TASK PROMPT: Quote all lines below exactly. Images stay out.

DATA SHOWN:
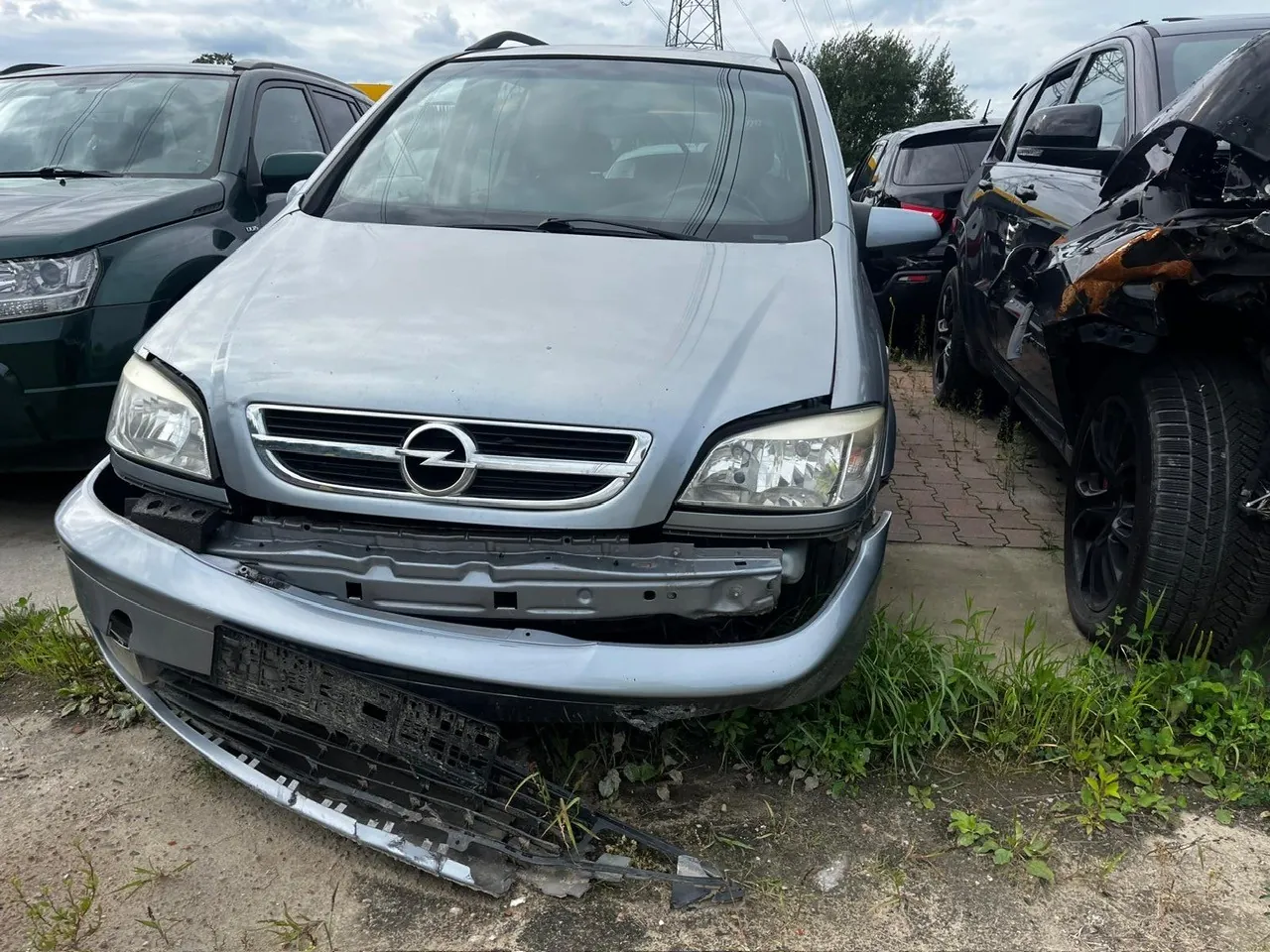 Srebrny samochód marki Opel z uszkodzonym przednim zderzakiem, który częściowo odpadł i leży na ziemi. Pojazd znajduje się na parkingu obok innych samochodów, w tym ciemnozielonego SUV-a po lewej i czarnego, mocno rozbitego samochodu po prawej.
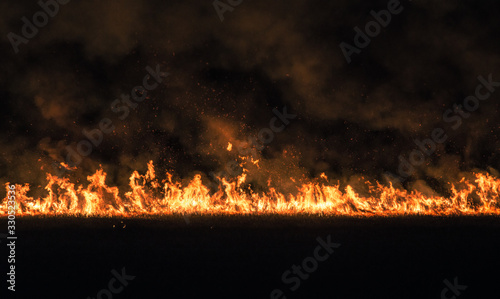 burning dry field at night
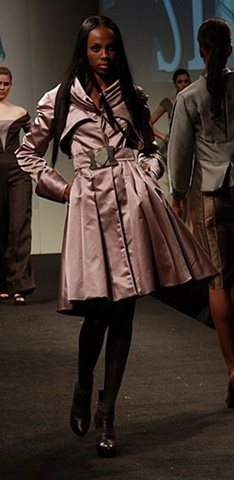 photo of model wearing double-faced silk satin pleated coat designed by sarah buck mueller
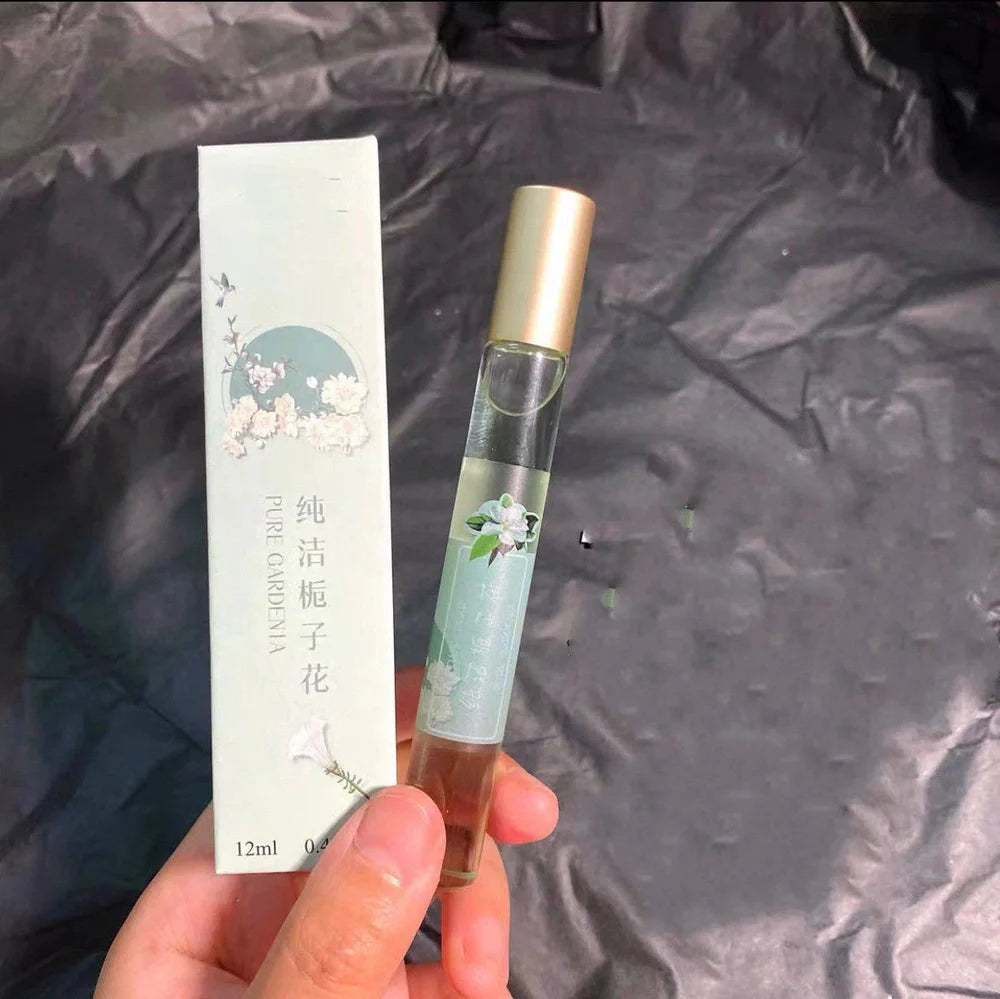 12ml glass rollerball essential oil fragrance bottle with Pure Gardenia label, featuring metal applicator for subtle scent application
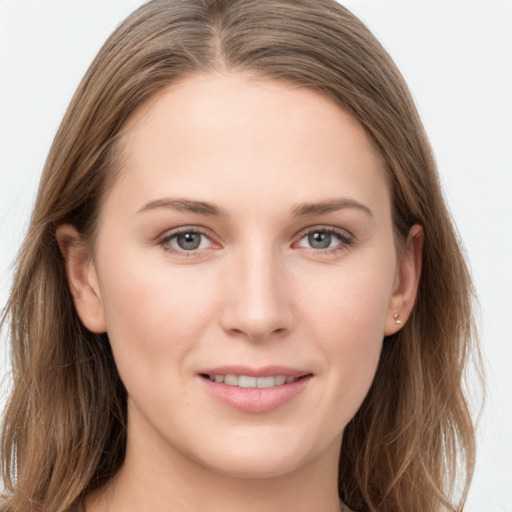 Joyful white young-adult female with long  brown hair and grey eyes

SOLUTION FOR THIS EXERCISE:
 Srebrny samochód marki Opel z uszkodzonym przednim zderzakiem, który częściowo odpadł i leży na ziemi. Pojazd znajduje się na parkingu obok innych samochodów, w tym ciemnozielonego SUV-a po lewej i czarnego, mocno rozbitego samochodu po prawej.
 burning dry field at night
 photo of model wearing double-faced silk satin pleated coat designed by sarah buck mueller
 12ml glass rollerball essential oil fragrance bottle with Pure Gardenia label, featuring metal applicator for subtle scent application
 Joyful white young-adult female with long  brown hair and grey eyes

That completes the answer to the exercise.